Your kids have ONE shot at life. What are you doing to help them be successful?

Anonymous
Anonymous wrote:Left the US and insane American parenting like this


+1, got my kids the hell out of DC.
Anonymous
Anonymous wrote:Anyone else hearing Eminem music in their head when they saw the subject line?




Welp, now I do!
Anonymous
I model healthy emotional regulation and support my child in learning to accept and manage their own feelings. My goal is to raise a person who feels secure in themselves and is emotionally resilient. I think it’s the foundation of everything else. Also: free.
Anonymous
Anonymous wrote:Gave them tall grandparents. They predict my son will be 6'6". Can't do much better than that.


Translation: you did nothing.
Anonymous
Anonymous wrote:🙄
I am doing my best to raise kids who are well balanced. OP you sound insufferable.

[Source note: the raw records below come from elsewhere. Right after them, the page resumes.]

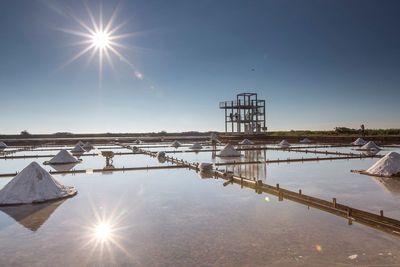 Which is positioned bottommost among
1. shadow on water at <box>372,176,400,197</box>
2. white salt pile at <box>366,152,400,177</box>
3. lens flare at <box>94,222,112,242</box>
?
lens flare at <box>94,222,112,242</box>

I couldn't have said it better. OP is teaching her children to be insufferable snobs, just like their mother.

Anonymous
Just pray that they don't develop a mental illness. Mine did. It doesn't run in our family so I can't blame it on crappy genes. You can do everything "right" and your child could still end up with issues.
Anonymous
Ha ha ha. There are lots of ways to help your kids, or to screw them up for that matter. It’s almost never just one shot at anything.
Anonymous
Anonymous wrote:
Anonymous wrote:I’ll go first. We spent $30k for my son to attend a private Kindergarten that helped him excel during the first Covid year.

We also bought a home at the top of our price range to ensure he is in the best public school district for elementary school.

Your turn! It doesn’t have to be education related.


What you’ve done for kid is to be wealthy?

Wow.


DP. What I have done for my kids is to be wealthy AND white. I also only had boys. Top that .
Anonymous
Anonymous wrote:
Anonymous wrote:Gave them tall grandparents. They predict my son will be 6'6". Can't do much better than that.


Translation: you did nothing.


Ugh that was my point.
Anonymous
The valedictorian at my high school killed himself and I wonder if the parent expectations we’re just too much and started this early
Anonymous
Anonymous wrote:Life is not one shot. It is filled with mistakes and learning experiences for both parents and kids. No one is perfect.


+1

I'm teaching my kid about growth mindset.
Anonymous
Not being unkind but your child is 5! Here goes as mine college and college graduates and they are “ successful”:

Love them, hug them, read to them, cook with them, have them pick up with you, make dinner together, eat together, speak kindly about other parent, teachers, others. Have experiences with them and see what they gravitate towards. Set standards for manners, hard work, and commitments they make. Model and Teach them financial responsibility. Discuss alcohol, drugs, and sex. Accept who they tell you/ show you they are.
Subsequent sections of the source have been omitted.